■ Work instructions ■
The required answer is the run of lines from the one holding "Building Photo - 1341 W School St" to the end of the data below, copied exactly and free of pictures.

■ Supplied entries ■
^^^^

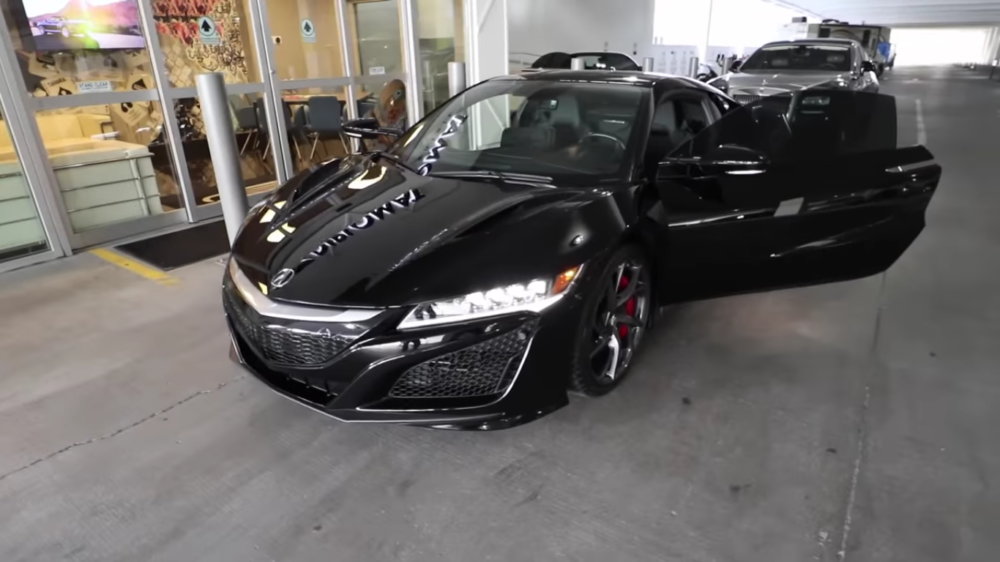 NSX v GT-R Vegas Battle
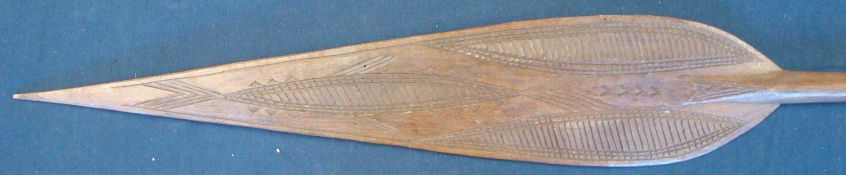 Early 20th Century Tribal Oceania carved paddle club: Having carved design to the main body together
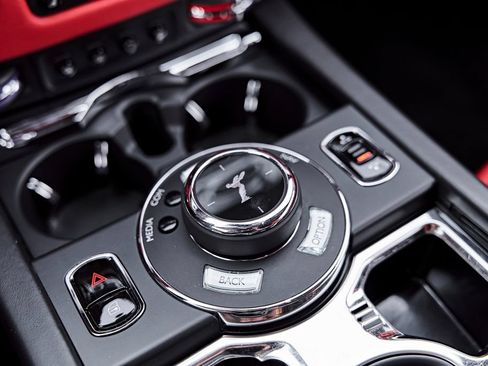 Used 2018 Rolls-Royce Wraith RWD image 69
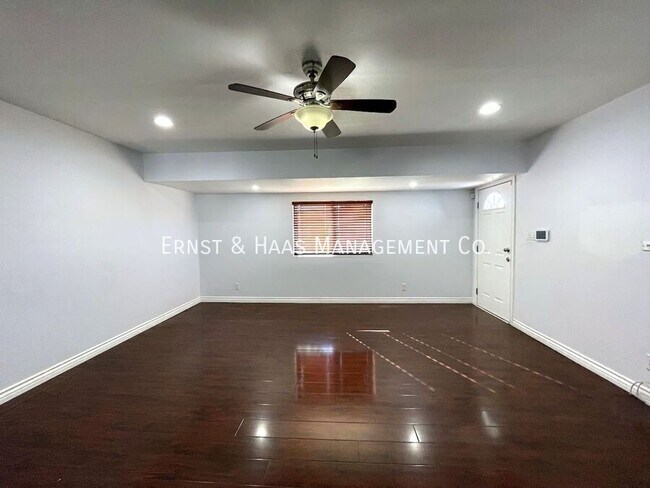 Building Photo - 1341 W School St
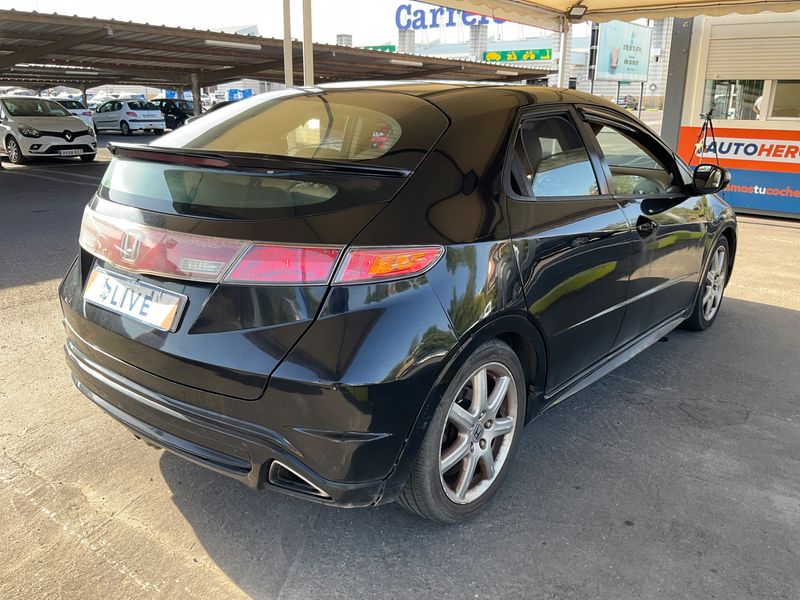 Honda Civic 2.2 CTDI Executive — zdjęcie 2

^^^^

■ Answer section ■
 Building Photo - 1341 W School St
 Honda Civic 2.2 CTDI Executive — zdjęcie 2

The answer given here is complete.